**WHAT IS BEING ASKED:**
Pull every line from the records that has the word "Free" in it.

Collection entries
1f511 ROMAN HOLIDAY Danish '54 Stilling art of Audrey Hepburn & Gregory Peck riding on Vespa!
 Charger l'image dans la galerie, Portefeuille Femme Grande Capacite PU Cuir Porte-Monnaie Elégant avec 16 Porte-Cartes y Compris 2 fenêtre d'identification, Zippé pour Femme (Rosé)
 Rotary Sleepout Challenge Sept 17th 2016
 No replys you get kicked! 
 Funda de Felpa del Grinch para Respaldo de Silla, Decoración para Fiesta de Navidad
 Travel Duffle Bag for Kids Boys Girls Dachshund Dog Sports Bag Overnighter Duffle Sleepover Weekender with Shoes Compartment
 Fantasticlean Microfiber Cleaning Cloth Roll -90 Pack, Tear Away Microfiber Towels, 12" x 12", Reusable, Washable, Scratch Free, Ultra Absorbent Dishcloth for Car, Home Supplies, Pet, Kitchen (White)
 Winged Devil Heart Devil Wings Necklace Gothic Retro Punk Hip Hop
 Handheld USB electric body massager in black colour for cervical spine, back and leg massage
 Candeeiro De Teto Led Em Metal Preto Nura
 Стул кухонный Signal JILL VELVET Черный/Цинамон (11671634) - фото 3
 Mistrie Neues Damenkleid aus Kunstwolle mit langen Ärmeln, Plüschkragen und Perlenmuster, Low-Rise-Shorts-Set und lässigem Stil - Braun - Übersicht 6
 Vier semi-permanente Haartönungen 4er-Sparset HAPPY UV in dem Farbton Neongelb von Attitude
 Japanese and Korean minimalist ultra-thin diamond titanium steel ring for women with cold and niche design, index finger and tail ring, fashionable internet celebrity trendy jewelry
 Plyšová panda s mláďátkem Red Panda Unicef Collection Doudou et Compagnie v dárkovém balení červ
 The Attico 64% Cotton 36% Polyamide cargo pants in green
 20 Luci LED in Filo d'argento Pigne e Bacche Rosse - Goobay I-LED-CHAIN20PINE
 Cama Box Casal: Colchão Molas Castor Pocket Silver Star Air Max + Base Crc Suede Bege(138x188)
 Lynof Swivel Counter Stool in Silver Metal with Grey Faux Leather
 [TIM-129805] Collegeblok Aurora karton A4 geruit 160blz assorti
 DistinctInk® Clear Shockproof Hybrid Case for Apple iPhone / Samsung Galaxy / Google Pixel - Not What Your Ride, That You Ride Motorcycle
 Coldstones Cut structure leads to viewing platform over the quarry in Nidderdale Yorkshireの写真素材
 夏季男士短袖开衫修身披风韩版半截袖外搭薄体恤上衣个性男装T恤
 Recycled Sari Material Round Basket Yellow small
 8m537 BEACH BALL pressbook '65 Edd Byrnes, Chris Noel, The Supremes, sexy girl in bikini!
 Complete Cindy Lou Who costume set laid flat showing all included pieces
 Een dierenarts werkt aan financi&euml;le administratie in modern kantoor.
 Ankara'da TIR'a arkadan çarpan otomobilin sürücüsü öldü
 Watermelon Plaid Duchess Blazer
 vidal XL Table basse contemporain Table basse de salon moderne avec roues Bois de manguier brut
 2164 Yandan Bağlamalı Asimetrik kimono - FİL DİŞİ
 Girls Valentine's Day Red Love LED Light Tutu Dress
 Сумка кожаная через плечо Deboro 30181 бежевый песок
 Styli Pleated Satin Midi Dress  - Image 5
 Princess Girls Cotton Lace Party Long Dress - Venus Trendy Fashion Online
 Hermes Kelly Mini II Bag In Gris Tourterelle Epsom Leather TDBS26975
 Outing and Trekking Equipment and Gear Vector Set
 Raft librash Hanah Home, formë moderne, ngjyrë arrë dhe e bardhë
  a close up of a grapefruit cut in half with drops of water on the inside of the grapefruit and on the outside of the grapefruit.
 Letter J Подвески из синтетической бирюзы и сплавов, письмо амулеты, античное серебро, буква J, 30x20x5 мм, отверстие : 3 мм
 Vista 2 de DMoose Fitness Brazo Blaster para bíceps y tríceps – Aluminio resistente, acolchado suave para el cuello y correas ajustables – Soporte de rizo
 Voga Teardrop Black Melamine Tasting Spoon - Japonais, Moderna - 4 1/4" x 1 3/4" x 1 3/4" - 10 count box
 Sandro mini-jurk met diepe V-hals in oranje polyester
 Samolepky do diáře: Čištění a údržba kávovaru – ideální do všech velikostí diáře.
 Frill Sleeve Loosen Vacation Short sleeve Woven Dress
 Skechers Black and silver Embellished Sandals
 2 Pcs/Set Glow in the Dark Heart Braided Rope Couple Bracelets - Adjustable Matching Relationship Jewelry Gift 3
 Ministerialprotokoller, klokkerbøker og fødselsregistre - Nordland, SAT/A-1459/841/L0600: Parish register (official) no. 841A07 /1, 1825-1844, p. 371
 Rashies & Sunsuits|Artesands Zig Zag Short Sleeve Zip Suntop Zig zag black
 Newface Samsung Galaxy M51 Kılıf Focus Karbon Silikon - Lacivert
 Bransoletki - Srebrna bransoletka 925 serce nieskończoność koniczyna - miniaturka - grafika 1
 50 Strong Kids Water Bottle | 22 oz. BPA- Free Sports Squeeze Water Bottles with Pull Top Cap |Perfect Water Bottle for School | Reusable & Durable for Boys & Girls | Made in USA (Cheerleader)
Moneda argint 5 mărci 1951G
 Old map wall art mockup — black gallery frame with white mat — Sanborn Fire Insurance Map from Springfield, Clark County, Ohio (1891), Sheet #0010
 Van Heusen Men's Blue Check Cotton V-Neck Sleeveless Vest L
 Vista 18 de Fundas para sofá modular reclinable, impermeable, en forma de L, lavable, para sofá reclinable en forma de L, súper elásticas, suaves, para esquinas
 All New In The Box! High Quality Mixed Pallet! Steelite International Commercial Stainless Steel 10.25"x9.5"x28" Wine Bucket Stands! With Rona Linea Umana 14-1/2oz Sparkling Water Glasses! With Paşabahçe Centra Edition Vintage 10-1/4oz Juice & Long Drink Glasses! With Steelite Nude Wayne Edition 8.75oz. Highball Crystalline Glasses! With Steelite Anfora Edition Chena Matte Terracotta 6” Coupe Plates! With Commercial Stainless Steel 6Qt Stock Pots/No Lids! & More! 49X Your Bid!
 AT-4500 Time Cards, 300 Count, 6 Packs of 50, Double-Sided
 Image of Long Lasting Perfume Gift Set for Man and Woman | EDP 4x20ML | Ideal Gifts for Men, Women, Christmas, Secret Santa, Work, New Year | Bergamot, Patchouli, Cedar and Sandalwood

**EXERCISE RESULT:**
 Fantasticlean Microfiber Cleaning Cloth Roll -90 Pack, Tear Away Microfiber Towels, 12" x 12", Reusable, Washable, Scratch Free, Ultra Absorbent Dishcloth for Car, Home Supplies, Pet, Kitchen (White)
 50 Strong Kids Water Bottle | 22 oz. BPA- Free Sports Squeeze Water Bottles with Pull Top Cap |Perfect Water Bottle for School | Reusable & Durable for Boys & Girls | Made in USA (Cheerleader)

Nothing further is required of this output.